そして、インターネット広告広告制作費になると、また「デジタル制作の領域でもマーケティングの実効性がますます求められるようになってきている」とご指摘される。
どうやら、ネット広告はいろいろと「求められている」らしい。

昨年までの「日本の広告費」とは、筆致が違うのだ。いったい、何があったのか。特に「マスコミ四媒体由来のデジタル広告費」あたりについては、若々しく筆が踊っていて、なかなかに微笑ましい。

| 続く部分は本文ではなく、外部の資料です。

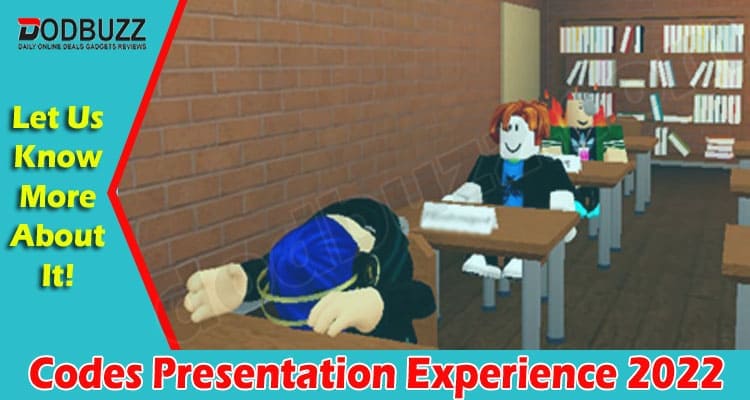 Gaming Tips Codes Presentation Experience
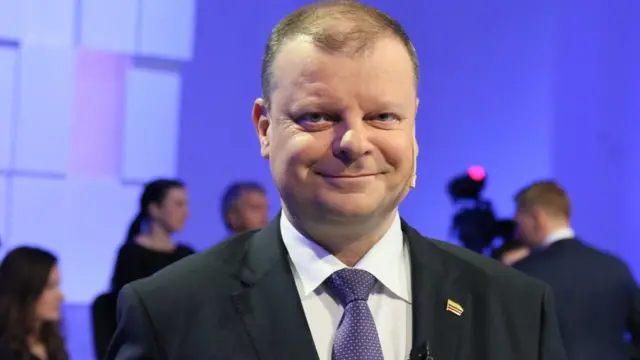 Саулюс Сквернялис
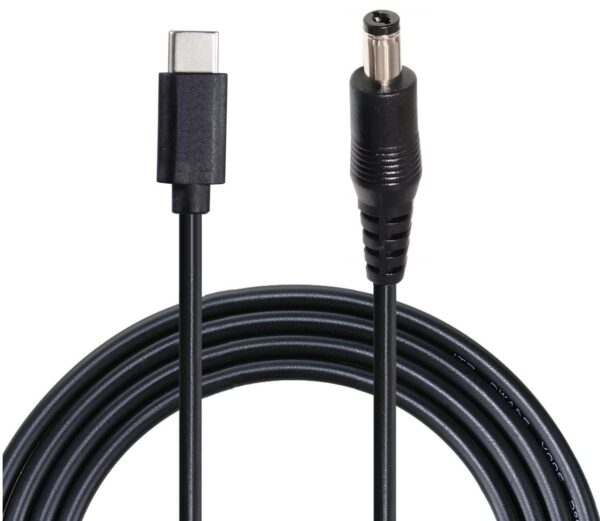 12V USB-C PD TRIGGER DC CABLE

そして、注目は電話帳広告だ。どうやら「『電話帳』は『地域と暮らしのメディア』へのパラダイムシフトを遂げており」とということらしいが、いやパラダイムシフトって久々に見た。

そんなことになっていたとは、知らなかった。しかし企業の発表する文章がここまではじけているのはなかなか珍しいだろう。これもパラダイムシフトなのか。

で、1つだけ気になることがある。今回「ポスティング市場」についても1,129億円と推定している。推定するのはいいのだけれど、このチラシ投函は本来「お断り」している集合住宅内に入って一方的にポストに入れることもある。郵便受けにゴミ入れを置き、そこに入れるようにしている住宅もあるくらいで、余計なコストを住民に負担させている。ましてどれほど目に届いているかわからないのではないか。

いわゆる、かつての迷惑メールの「未承諾広告」と同じような感じがするのだけれど、これを統計に入れるのはどうしてなのかなあ。

そのようにして、広告や広告費の定義を変えていいのか?という疑問もあるわけで、なぜそうしたんだろうということはちょっと気にかかる。